STELIR attracts to a detailed, leaving 10,000 lecturers and a system reworked

When the Secondary Lecturers English Language Enchancment Rwanda (STELIR) mission closed its doorways on Could 26, 2026, the temper on the ceremony was not the..

STELIR attracts to a detailed, leaving 10,000 lecturers and a system reworked


When the Secondary Lecturers English Language Enchancment Rwanda (STELIR) mission closed its doorways on Could 26, 2026, the temper on the ceremony was not the sigh of an ending however one thing nearer to a commencement; a celebration of labor accomplished, with a clear-eyed sense that the following chapter belongs to Rwanda.

For 4 years, STELIR has labored contained in the nation’s school rooms, workers rooms and trainer coaching faculties. Delivered by the British Council in partnership with Mastercard Basis and the Rwanda Fundamental Schooling Board (REB), it got down to do one thing deceptively easy: assist decrease secondary faculty lecturers really feel at residence within the language they’re requested to show in.

Participants during the meeting in Kigali on May 26. All photos by Craish Bahizi

The outcomes, introduced on the close-out occasion, exceeded what anybody had initially promised. Greater than 10,000 educators, 10,368 in whole, have now reached no less than an intermediate CEFR B1 degree of English. The unique goal of seven,000 has been left far behind.

A nationwide effort, by Rwandans, for Rwandans

Amongst these 10,368 lecturers, greater than 6,500 are in-service decrease secondary lecturers working throughout 14 districts. An additional 2,300 are pre-service lecturers finding out on the College of Rwanda School of Schooling (URCE), the nation’s predominant pipeline for brand new educators.

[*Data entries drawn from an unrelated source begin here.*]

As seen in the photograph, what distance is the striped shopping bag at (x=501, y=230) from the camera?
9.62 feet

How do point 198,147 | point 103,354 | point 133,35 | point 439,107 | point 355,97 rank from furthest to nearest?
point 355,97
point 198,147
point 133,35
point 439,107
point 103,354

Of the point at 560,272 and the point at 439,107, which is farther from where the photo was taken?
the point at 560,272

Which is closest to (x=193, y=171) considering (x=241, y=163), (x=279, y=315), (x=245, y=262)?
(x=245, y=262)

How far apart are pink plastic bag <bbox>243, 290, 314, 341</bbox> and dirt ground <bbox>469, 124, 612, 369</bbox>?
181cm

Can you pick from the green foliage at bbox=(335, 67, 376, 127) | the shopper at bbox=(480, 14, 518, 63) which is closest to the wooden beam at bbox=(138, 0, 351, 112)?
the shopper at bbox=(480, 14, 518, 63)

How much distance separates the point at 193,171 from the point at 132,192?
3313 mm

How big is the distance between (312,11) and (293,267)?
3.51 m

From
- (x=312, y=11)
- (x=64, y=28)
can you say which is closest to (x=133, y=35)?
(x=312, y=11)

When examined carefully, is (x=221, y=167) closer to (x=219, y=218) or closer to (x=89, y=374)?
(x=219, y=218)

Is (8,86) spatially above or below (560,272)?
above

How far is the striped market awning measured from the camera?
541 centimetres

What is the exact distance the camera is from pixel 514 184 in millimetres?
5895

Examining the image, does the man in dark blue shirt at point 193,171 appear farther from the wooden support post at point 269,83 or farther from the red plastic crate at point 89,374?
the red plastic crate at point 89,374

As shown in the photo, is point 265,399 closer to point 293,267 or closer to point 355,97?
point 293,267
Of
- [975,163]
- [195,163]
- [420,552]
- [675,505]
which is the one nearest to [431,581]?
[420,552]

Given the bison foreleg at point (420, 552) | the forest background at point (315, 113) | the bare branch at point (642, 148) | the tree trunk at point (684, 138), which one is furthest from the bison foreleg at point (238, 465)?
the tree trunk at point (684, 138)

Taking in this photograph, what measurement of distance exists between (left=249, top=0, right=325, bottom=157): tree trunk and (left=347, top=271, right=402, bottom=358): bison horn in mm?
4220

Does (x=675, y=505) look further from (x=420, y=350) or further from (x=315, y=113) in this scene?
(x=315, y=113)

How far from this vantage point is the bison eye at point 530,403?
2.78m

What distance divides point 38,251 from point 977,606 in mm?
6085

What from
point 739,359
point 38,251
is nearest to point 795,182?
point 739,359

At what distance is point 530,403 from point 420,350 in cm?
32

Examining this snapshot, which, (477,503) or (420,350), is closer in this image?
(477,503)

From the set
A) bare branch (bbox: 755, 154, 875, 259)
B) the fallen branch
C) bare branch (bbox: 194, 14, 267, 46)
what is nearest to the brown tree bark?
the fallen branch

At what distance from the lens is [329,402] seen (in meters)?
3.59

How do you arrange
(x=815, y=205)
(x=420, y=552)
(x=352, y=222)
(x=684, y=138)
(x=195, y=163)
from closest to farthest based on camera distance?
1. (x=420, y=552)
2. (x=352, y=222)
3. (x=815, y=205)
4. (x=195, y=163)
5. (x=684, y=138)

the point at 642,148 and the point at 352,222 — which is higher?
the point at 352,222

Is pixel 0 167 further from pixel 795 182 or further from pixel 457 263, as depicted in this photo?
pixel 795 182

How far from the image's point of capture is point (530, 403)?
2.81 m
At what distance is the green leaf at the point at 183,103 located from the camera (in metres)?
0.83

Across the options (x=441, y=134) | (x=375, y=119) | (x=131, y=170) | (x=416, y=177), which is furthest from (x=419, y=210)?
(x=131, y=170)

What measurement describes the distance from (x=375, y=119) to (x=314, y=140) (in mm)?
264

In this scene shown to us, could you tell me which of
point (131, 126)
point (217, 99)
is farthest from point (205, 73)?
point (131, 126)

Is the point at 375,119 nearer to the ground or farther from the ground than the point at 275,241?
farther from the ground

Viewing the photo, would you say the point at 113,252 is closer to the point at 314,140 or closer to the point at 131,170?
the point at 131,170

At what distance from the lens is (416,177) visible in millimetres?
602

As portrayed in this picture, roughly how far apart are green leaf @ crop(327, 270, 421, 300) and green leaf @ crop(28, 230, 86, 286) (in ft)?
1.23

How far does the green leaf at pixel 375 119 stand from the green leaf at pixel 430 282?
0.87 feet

The attain prolonged into the corners of the nation that programmes usually miss. Seventy-six per cent of contributors got here from rural areas; 36 per cent had been girls; 59 per cent had been younger individuals; and 5 per cent self-identified as having a incapacity.

Sarah Paterson, project team leader at the British Council, addreses participants at the meeting in Kigali. All photos by Craish BAHIZI

Crucially, the individuals doing the educating had been Rwandan from the beginning.

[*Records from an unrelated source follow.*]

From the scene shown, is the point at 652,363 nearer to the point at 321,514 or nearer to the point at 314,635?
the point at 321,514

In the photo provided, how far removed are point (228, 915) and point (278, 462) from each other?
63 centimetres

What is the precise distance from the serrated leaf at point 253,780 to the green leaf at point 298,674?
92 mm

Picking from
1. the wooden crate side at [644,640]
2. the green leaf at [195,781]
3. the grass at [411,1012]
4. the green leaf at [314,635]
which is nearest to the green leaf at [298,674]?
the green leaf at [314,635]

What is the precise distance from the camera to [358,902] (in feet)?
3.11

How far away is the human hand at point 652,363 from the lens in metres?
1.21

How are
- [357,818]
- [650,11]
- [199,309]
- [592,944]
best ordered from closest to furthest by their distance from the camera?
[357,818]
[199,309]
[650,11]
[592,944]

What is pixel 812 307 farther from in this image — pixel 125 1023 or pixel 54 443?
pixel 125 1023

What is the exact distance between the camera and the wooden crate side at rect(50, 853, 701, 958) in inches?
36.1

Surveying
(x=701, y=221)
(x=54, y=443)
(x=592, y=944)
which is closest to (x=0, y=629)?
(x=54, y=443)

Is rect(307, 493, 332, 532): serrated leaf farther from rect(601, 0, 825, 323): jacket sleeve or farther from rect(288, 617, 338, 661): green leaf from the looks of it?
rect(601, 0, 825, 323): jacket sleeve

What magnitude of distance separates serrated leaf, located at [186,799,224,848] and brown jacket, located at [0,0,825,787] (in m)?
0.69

“We didn’t usher in international trainers,” stated Sarah Paterson, mission crew chief on the British Council. “We labored with Rwandan lecturers, tutors and college lecturers, and offered them with further coaching to ship the programs.”

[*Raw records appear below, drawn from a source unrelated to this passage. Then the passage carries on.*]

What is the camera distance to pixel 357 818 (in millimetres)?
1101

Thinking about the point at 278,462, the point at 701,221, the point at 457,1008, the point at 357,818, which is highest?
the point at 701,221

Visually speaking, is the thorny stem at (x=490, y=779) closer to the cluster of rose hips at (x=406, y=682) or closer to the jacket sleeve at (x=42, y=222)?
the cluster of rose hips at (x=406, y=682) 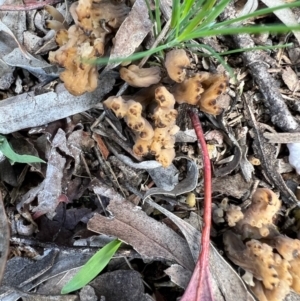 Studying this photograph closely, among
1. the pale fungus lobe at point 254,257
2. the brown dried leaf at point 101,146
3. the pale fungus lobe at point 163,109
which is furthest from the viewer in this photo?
the brown dried leaf at point 101,146

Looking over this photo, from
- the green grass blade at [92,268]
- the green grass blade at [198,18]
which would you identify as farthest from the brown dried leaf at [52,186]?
the green grass blade at [198,18]

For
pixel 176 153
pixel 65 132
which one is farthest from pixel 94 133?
pixel 176 153

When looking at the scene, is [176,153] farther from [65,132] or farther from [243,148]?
[65,132]

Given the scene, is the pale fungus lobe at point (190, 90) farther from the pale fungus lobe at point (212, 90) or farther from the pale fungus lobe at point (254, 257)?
the pale fungus lobe at point (254, 257)

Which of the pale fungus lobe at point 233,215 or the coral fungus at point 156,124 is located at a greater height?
the coral fungus at point 156,124

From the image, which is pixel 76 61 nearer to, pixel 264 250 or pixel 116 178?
pixel 116 178

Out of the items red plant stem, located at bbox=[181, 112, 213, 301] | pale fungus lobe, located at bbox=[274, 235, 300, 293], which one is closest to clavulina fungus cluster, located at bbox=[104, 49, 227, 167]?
red plant stem, located at bbox=[181, 112, 213, 301] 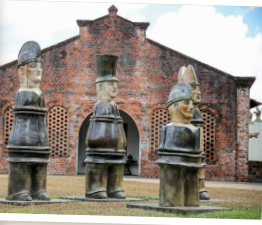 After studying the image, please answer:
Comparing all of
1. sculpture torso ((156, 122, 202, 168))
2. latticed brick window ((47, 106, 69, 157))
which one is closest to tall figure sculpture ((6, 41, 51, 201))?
sculpture torso ((156, 122, 202, 168))

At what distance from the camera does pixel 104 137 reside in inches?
322

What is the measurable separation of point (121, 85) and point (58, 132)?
2.91 m

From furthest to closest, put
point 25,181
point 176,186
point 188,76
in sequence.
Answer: point 188,76, point 25,181, point 176,186

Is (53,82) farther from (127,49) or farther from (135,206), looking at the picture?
(135,206)

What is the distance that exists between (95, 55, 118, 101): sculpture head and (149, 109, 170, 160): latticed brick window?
867cm

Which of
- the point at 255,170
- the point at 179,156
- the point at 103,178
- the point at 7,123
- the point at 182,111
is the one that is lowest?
the point at 255,170

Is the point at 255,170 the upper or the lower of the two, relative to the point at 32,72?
lower

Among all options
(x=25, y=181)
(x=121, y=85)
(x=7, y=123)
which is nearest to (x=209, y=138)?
(x=121, y=85)

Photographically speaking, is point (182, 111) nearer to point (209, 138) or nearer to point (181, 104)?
point (181, 104)

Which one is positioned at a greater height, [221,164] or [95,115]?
[95,115]

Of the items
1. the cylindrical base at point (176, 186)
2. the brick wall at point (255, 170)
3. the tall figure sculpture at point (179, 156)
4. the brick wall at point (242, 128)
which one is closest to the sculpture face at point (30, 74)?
the tall figure sculpture at point (179, 156)

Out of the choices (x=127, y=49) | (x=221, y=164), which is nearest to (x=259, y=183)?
(x=221, y=164)

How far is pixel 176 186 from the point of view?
6500 mm

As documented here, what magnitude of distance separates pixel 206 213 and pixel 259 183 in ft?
33.9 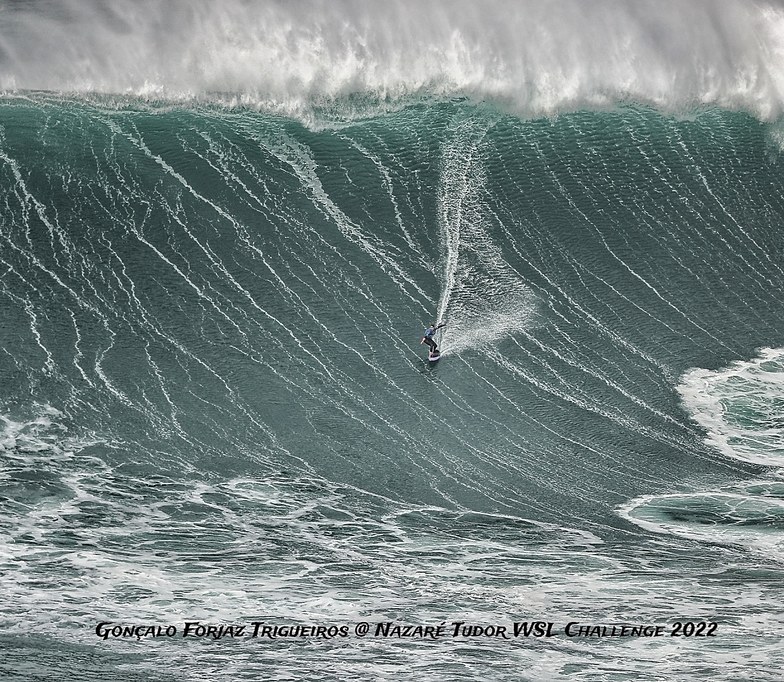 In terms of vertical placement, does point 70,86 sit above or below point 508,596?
above

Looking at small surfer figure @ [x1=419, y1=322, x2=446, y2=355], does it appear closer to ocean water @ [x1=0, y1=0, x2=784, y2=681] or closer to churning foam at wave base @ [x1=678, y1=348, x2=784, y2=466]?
ocean water @ [x1=0, y1=0, x2=784, y2=681]

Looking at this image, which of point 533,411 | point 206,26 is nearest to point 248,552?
point 533,411

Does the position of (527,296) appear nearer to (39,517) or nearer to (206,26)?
(39,517)

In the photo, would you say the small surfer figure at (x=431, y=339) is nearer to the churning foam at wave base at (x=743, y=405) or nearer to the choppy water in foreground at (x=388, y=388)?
the choppy water in foreground at (x=388, y=388)

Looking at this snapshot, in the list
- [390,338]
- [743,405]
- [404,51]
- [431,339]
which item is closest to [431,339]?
[431,339]

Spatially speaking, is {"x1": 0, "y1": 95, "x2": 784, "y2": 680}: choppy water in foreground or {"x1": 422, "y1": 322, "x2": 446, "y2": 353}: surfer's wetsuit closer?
{"x1": 0, "y1": 95, "x2": 784, "y2": 680}: choppy water in foreground

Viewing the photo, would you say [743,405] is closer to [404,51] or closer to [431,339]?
[431,339]

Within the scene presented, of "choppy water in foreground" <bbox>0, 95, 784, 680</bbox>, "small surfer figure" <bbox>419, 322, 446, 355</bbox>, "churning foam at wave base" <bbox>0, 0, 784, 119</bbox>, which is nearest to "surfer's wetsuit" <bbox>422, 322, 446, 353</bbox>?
"small surfer figure" <bbox>419, 322, 446, 355</bbox> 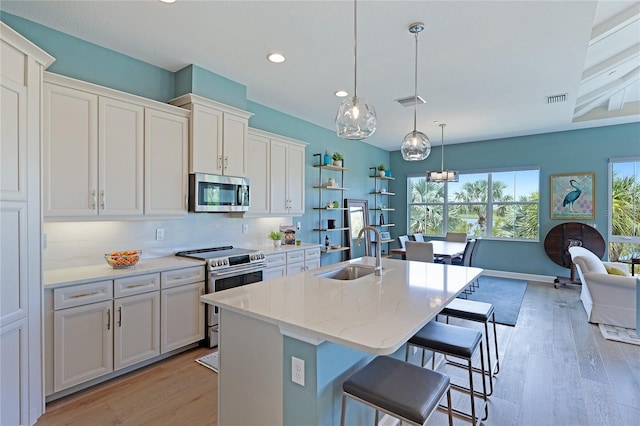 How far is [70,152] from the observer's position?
2.54 metres

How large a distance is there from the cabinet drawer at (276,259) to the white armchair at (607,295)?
12.2 ft

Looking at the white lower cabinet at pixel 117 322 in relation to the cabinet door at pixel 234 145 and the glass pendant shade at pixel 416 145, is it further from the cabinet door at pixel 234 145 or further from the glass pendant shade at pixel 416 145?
the glass pendant shade at pixel 416 145

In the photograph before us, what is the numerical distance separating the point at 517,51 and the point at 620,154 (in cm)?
426

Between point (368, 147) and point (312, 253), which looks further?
point (368, 147)

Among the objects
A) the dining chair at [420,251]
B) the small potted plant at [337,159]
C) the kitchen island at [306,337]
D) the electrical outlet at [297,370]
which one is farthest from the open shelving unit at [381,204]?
the electrical outlet at [297,370]

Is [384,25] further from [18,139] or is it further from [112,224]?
[112,224]

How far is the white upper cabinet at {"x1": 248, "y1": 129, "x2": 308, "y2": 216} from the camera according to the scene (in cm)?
414

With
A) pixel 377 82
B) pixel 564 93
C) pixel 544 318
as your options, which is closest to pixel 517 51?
pixel 377 82

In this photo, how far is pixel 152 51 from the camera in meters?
3.03

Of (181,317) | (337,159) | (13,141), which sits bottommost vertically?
(181,317)

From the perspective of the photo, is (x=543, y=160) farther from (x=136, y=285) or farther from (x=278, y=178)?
(x=136, y=285)

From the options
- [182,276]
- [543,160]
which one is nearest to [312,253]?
[182,276]

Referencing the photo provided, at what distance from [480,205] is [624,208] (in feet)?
7.50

That alternative, made early, is likely one of the causes the mission’s ending feels much less like a departure than a handover.

Why it was wanted

The necessity was not theoretical. Assessments by the Nationwide Examination and Faculty Inspection Authority (NESA) had proven that solely 47 per cent of Senior Three learners had been assembly the anticipated English proficiency degree. Amongst ladies the determine was 40 per cent; amongst boys, 51 per cent. The Schooling Sector Strategic Plan had pointed to a key trigger: in 2018, solely 4 per cent of main faculty lecturers and 38 per cent of secondary faculty lecturers met minimal English proficiency requirements.

Rwanda’s swap from French to English because the language of instruction had left many lecturers carrying a sure anxiousness into their very own school rooms. STELIR was designed to alleviate that.

A further 1,013 school-based mentors and CPD coordinators have been trained to support their colleagues.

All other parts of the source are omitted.